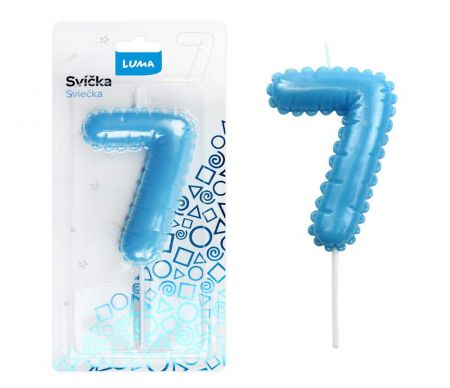Svíčka č. 7 balónek MODRÁ LUMA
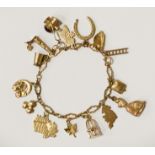 9CT CHARM BRACELET 18.6 GRAMS APPROX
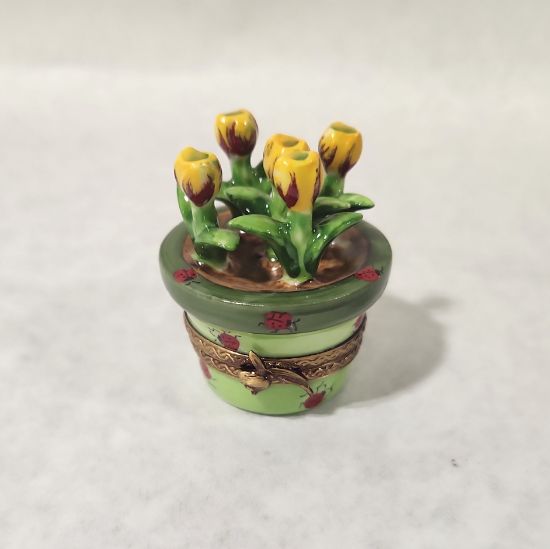 Picture of Limoges Chamart  Yellow Tulips in Cachepot with Ladybugs box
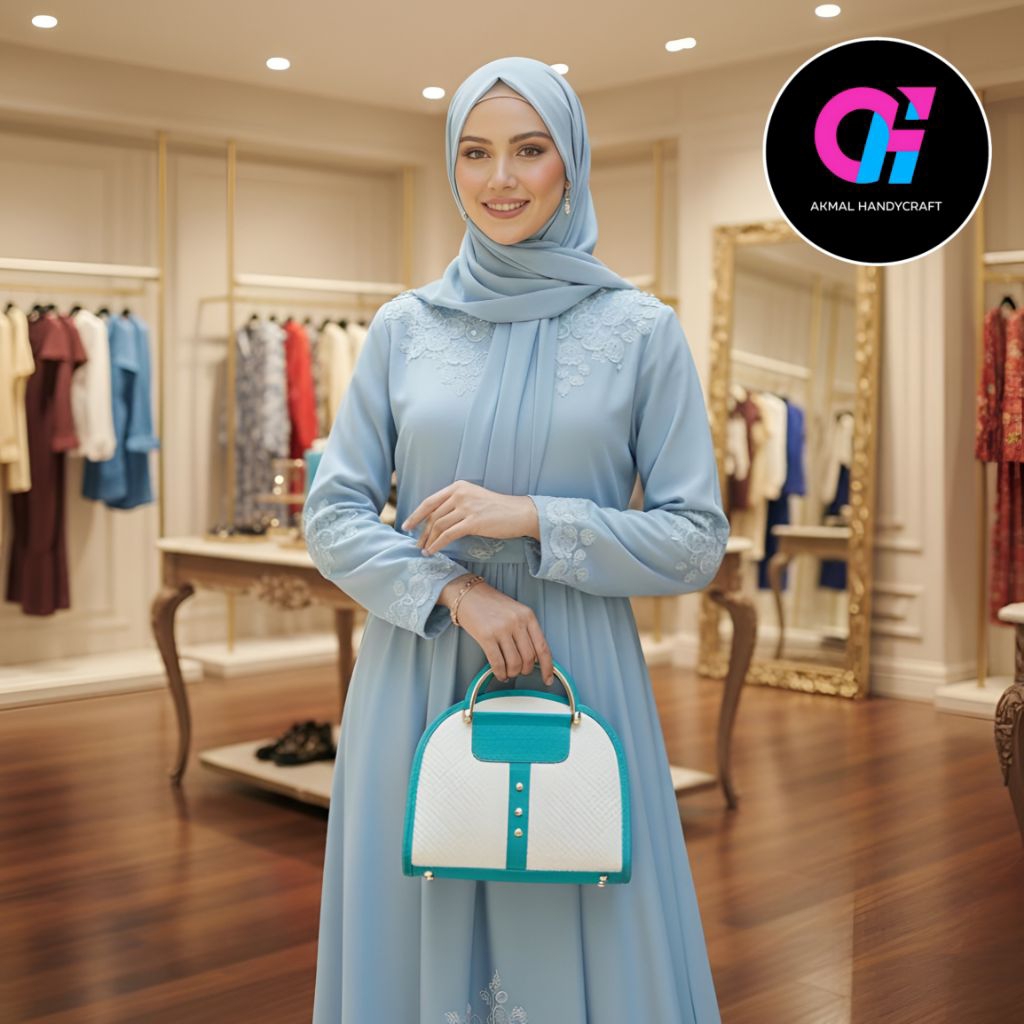 Akmal Handycraft  Tas Wanita Anyaman Pandan Model Terbaru Kombinasi Kulit Resliting 2 Tangkai Gengga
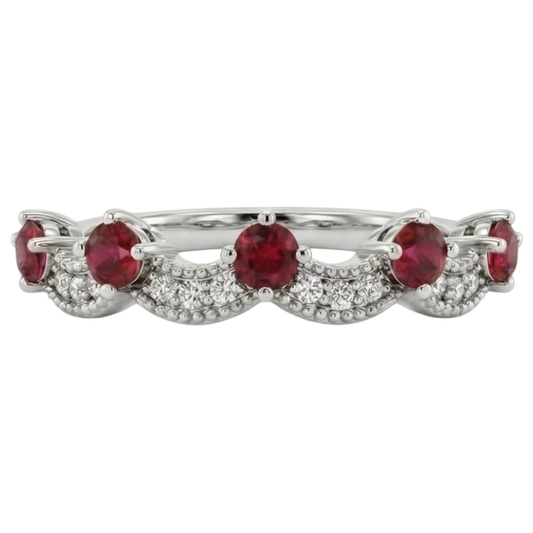 naturel rubis 2carats bague angle de côté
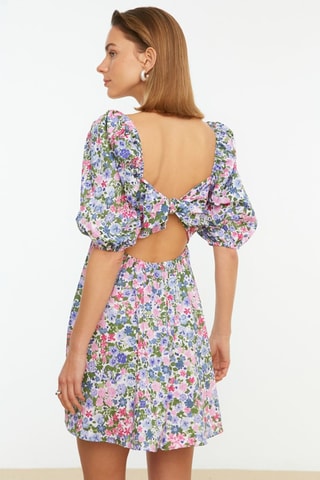Vestido estilo patinadora - Branco e rosa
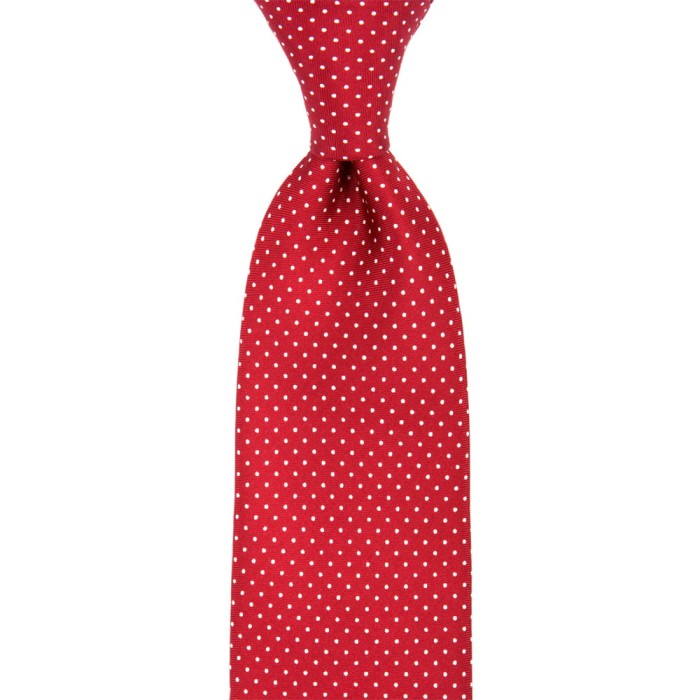 Red silk tie with fine white polka dots
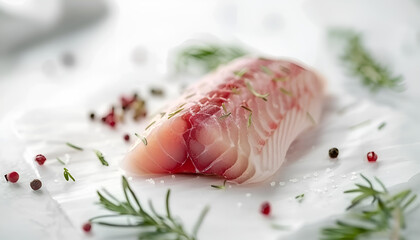 Tilapiini Fillet on white table background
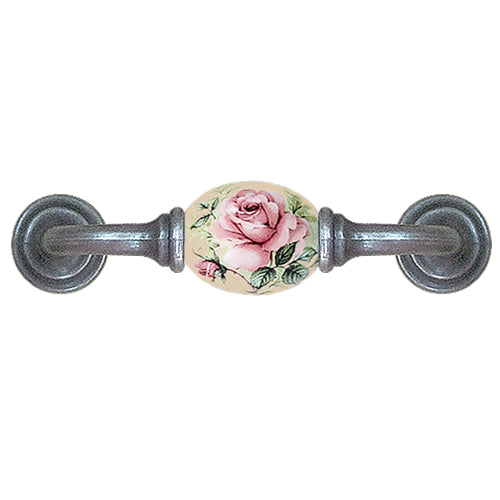 K-shaped country style rose beige hole spacing 96mm ceramic handle - antique silver base HK821SKMI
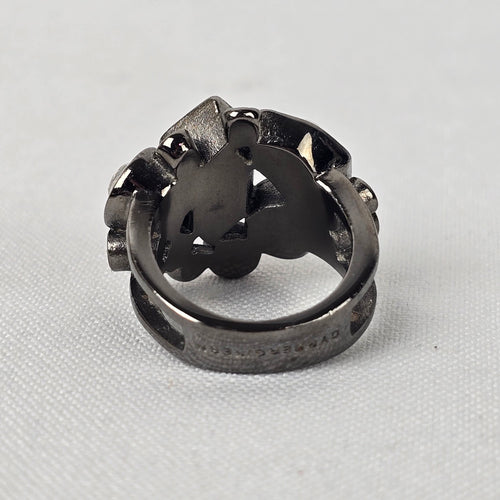 Dyrberg Kern Black & Silver Faceted Stone Statement Ring 7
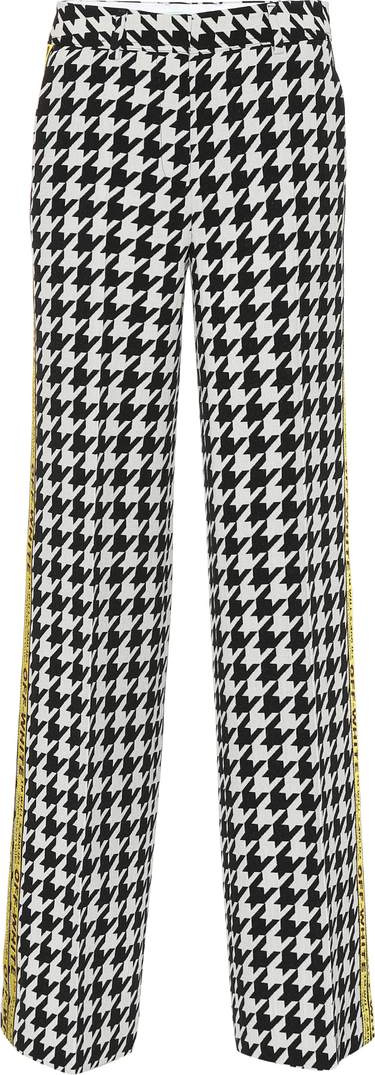 Off White Houndstooth wool-blend pants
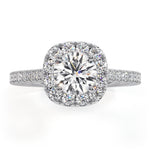 Elizabeth Gia Diamond Halo Engagement Ring In Platinum 1.30ct G/si1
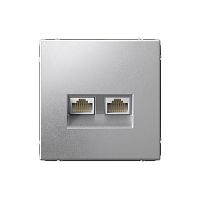 Розетка компьютерная 2-м ArtGallery RJ45 + RJ45 кат.5E механизм алюм. SE GAL000385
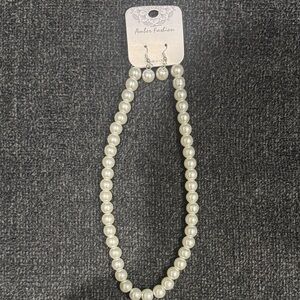 Faux Pearl Necklace and Earring Set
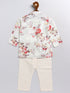 Boy's Cream Floral Printed Angrakha Kurta Pyjama Set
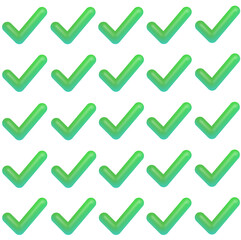 set of green check marks isolated on white background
---+---
• TASK INSTRUCTIONS
When you output the entries, keep each line exactly as it is and leave out any pictures.

• RESULT
Svíčka č. 7 balónek MODRÁ LUMA
 9CT CHARM BRACELET 18.6 GRAMS APPROX
 Picture of Limoges Chamart  Yellow Tulips in Cachepot with Ladybugs box
 Akmal Handycraft  Tas Wanita Anyaman Pandan Model Terbaru Kombinasi Kulit Resliting 2 Tangkai Gengga
 naturel rubis 2carats bague angle de côté
Vestido estilo patinadora - Branco e rosa
 Red silk tie with fine white polka dots
 Tilapiini Fillet on white table background
 K-shaped country style rose beige hole spacing 96mm ceramic handle - antique silver base HK821SKMI
 Dyrberg Kern Black & Silver Faceted Stone Statement Ring 7
 Off White Houndstooth wool-blend pants
 Elizabeth Gia Diamond Halo Engagement Ring In Platinum 1.30ct G/si1
 Розетка компьютерная 2-м ArtGallery RJ45 + RJ45 кат.5E механизм алюм. SE GAL000385
 Faux Pearl Necklace and Earring Set
 Boy's Cream Floral Printed Angrakha Kurta Pyjama Set
 set of green check marks isolated on white background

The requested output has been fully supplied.